*DESCRIPTION OF THE TASK*. Print back each record unchanged, without pictures.

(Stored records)
<<<<
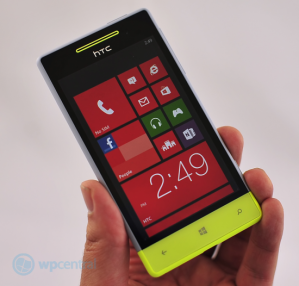 HTC 8S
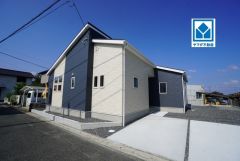 生活がワンフロアで完結する平屋建て＾＾駐車最大4台分を確保＾＾西鉄バス「大木」歩1分。JR「田代駅」(自転車7分/1.6ｋｍ)
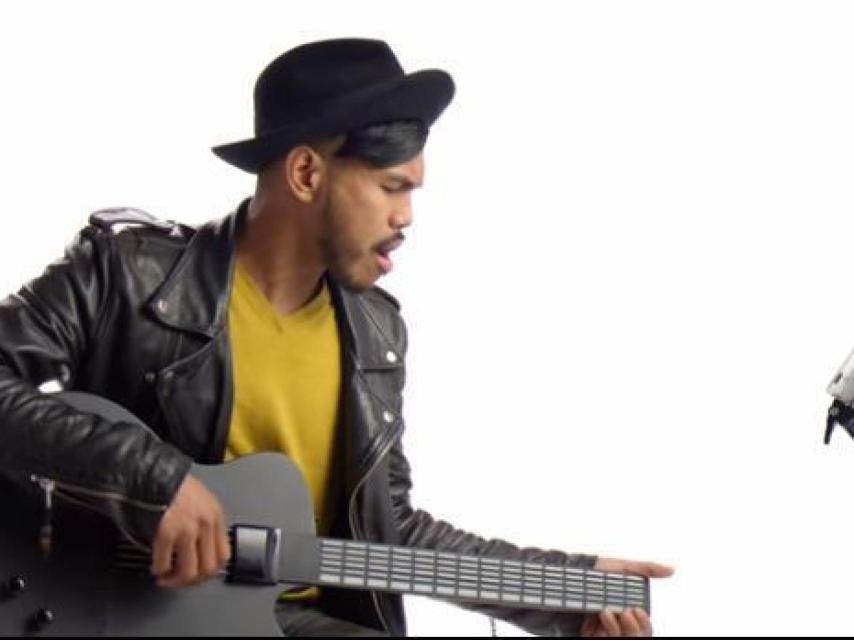 Un usuario de la nueva guitarra de Brian Fan.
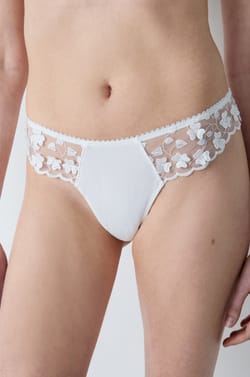 Embroidered Tanga;${refinementColor}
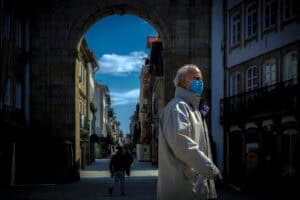 Instituições da cidade lançam campanha "Braga fecha a porta ao vírus"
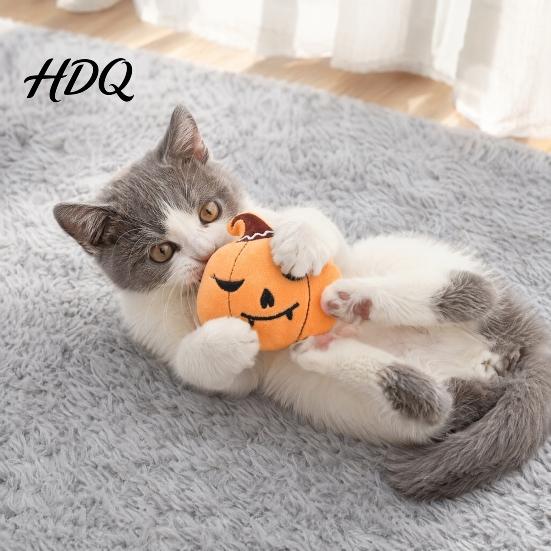 Мягкая Плюшевая Игрушка для Кошек Хэллоуин Тыква Кошачья Мята для Кошек Летучая Мышь Призрак Паук Кикер с Игрушками на Праздничную Тему Колокольчик Прочная для Жевания Игры Котята Стресс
>>>>
*RESPONSE TO THE EXERCISE*.
 HTC 8S
 生活がワンフロアで完結する平屋建て＾＾駐車最大4台分を確保＾＾西鉄バス「大木」歩1分。JR「田代駅」(自転車7分/1.6ｋｍ)
 Un usuario de la nueva guitarra de Brian Fan.
 Embroidered Tanga;${refinementColor}
 Instituições da cidade lançam campanha "Braga fecha a porta ao vírus"
 Мягкая Плюшевая Игрушка для Кошек Хэллоуин Тыква Кошачья Мята для Кошек Летучая Мышь Призрак Паук Кикер с Игрушками на Праздничную Тему Колокольчик Прочная для Жевания Игры Котята Стресс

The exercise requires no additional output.